On 4/21/15 6:05 PM, James Douglas wrote:
Here's the (nearly) equivalent query for the statements dump[1] loaded into Blazegraph:

PREFIX wd: <http://www.wikidata.org/entity/>
SELECT DISTINCT ?city ?citylabel ?mayorlabel WHERE {
  ?city      wd:P31s/wd:P31v wd:Q515     .      # find instances of subclasses of city
  ?city      wd:P6s          ?statement  .      # with a P6 (head of goverment) statement
  ?statement wd:P6v          ?mayor      .      # ... that has the value ?mayor
  ?mayor     wd:P21s/wd:P21v wd:Q6581072 .      # ... where the ?mayor has P21 (sex or gender) female
  FILTER NOT EXISTS { ?statement wd:P582q ?x }  # ... but the statement has no P582 (end date) qualifier
  # Now select the population value of the ?city
  # (the number is reached through a chain of three properties)
  ?city wd:P1082s/wd:P1082v/<http://www.wikidata.org/ontology#numericValue> ?population .
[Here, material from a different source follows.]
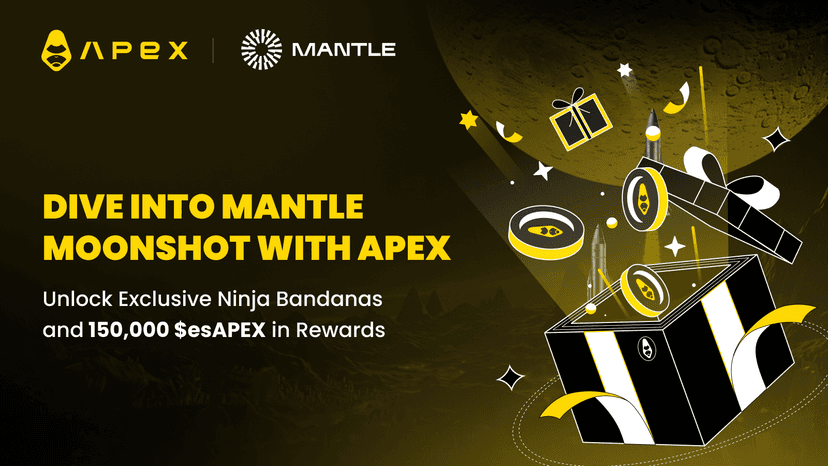ApeX x Mantle Moonshot: 150,000 $esAPEX Up For Grabs!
  # Optionally, find English labels for city and mayor:
    ?city wd:P373s/wd:P373v ?citylabel .
    # FILTER ( LANG(?citylabel) = "en" )
    ?mayor wd:P373s/wd:P373v ?mayorlabel .
    # FILTER ( LANG(?mayorlabel) = "en" )

} ORDER BY DESC(?population) LIMIT 100

Free beer to anyone who can figure out how to use those language filters.  Would we need to also load property definitions[2]?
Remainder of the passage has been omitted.